A vacina e o Visconde
—Filha, o aniversário do papai tá chegando, o que você vai me dar de presente?
Elis, minha biscoita de três anos, pensa por breves instantes e me entrega uma solução, uma declaração de amor e uma angústia. Na realidade, mais uma angústia nessa jornada intensa de ser um pai diferentão diante de uma criança imaginativa, inquieta, meio doida.
—Tem que ser uma coisa de adulto, né, pai? Então vai ser um ovo bem grande, do tamanho da Peppa Pig, e lá dentro dele vai ter um boneco do Papai Pig. Gostou?!
—Adorei, filha. Um presente ótimo! Vamos brincar de Cinderela?
—Eu também vou te dar as gotinhas, pai.
Emudeci. Desde quando minha menina se deu conta que o próprio pai não se encaixava na dita normalidade do mundo e das coisas e que não andava igual a todos, que usa uma “cadeirinha” para se deslocar, como ela gosta de falar, passei a explicar que, no tempo em que eu era bebê, não tomei todas as gotinhas necessárias para não ficar dodói.
Recebi apenas duas das três doses fundamentais da Sabin —afora as duas de reforço—, que imunizam contra a paralisia infantil, e, aos nove meses, fiquei doente, pouca coisa sobrou e o resto da história está aí nas internets.
Ao contrário das campanhas institucionais, que só culpabilizam as famílias pela desgraceira, lembro que o poder público foi omisso
durante anos de avanço do vírus pelo país, sobretudo em sua porção mais central e mais pobre.
Milhares de crianças tiveram de morrer ou virar “diversidade” para que uma política pública séria de enfrentamento fosse adotada, o que foi acontecer já no início da década de 1980.
—Filha, mas não vai dar certo porque o papai já é grande, entende?
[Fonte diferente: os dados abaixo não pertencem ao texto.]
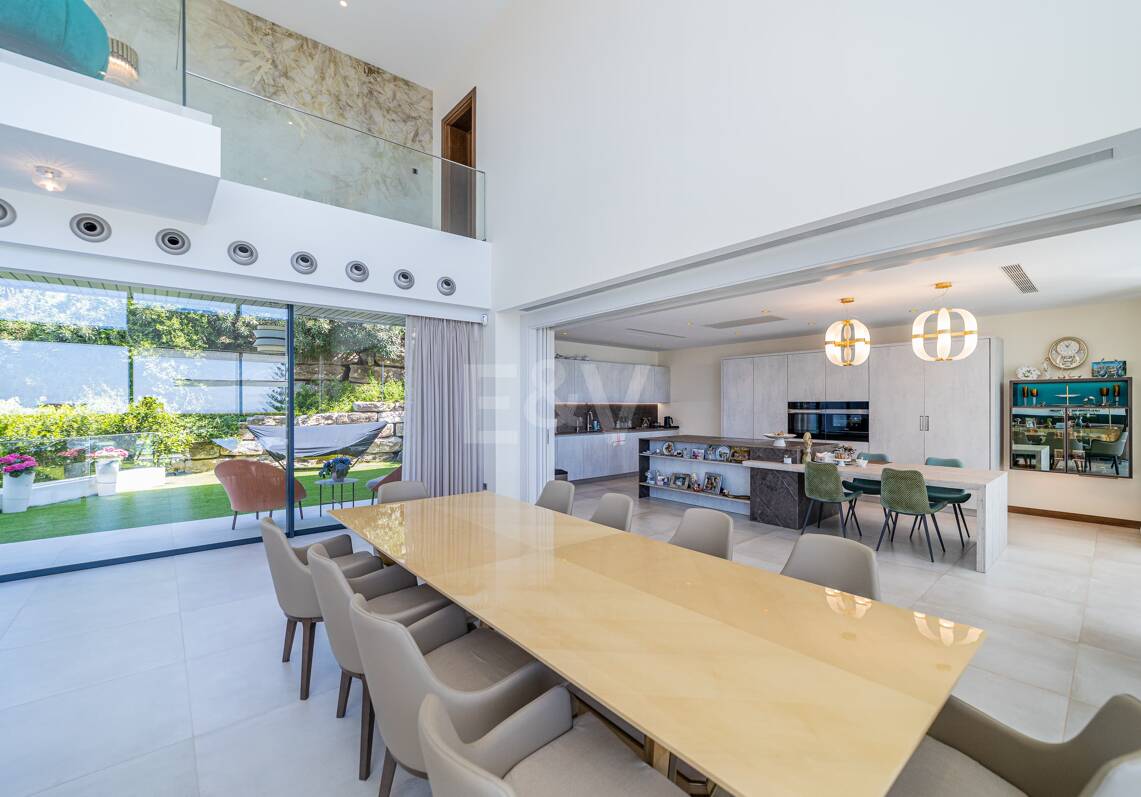 Moderne Golf-Villa in erster Linie mit Meerblick neben dem Clubhaus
Não vai fazer efeito. Vou ficar mesmo na cadeirinha, tá?
—Claro que não, pai! Sabe o Visconde, do Sítio do Pica-pau Amarelo, do seu Lobato? Então, dá para você ficar pequeno, que nem espiga de milho, eu te dou as gotinhas rapidinho, você cresce, e não vai mais precisar da cadeirinha, disse minha pitchuca, numa animação desconcertante.
Não foi a única vez que ela quis me presentear com a vacina. Certa vez, ela tentou trazer uma dose do posto de saúde, mas “a moça não deixou”.
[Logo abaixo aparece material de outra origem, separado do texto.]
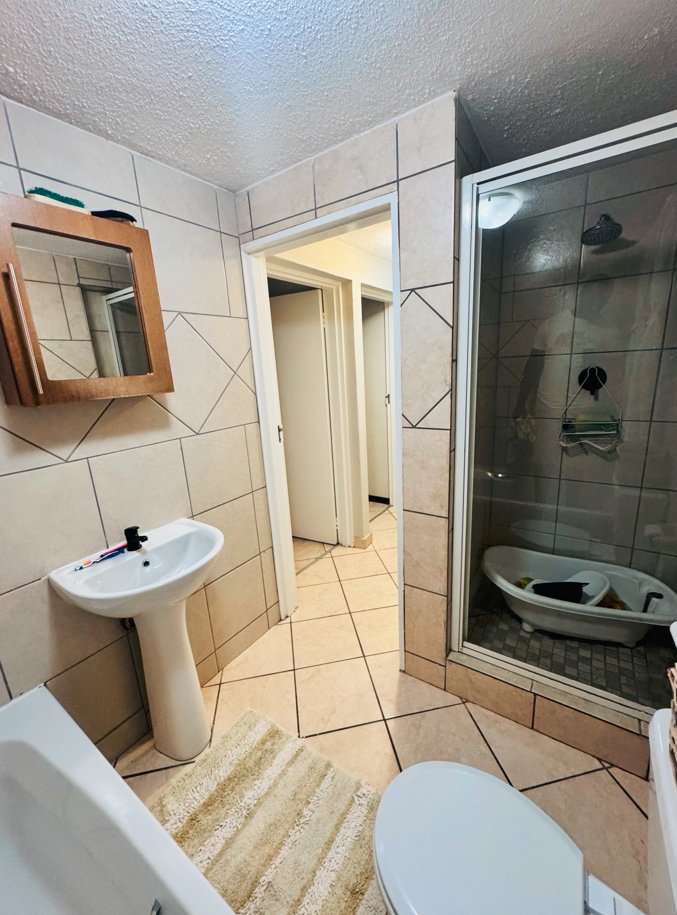3 Bedroom Property for Sale in Boardwalk Gauteng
Nesse mundo tão sem esperanças, tão cheio de ódios, de enfrentamentos, poderia eu dizer na lata de minha filha que seus sonhos não vão condizer jamais com a realidade, que não há fórmula que me faça andar?
Quando brincamos de Branca de Neve, ela já sabe que não vou me deitar no chão para dar o derradeiro beijo salvador. Ela mesma se levanta, meio sonâmbula, e aí então concluímos a cena. Isso me leva a pensar que a vontade dela pode ser, talvez, mais por mim do que por ela mesma. E isso faz tudo ficar ainda mais complexo.
Se por vezes me condói, em outras sinto um baita orgulho de ter em casa uma menininha que, à sua maneira, já compreende o quão desafiadora é a vida fora da curva e que tenta criar soluções mágicas para devolvê-la ao prumo. Isso já é passo fundamental para incorporar um valor humano fundamental: o de que os outros, em seus universos de diferenças, precisam de apoio, de incentivo, de empatia, de fortalecimento diante de suas condições, quaisquer condições.
Minhas gotinhas no próximo domingo (7) vão para “salvar” a mulher, as gays, os negros, os “malacabados” e os direitos humanos!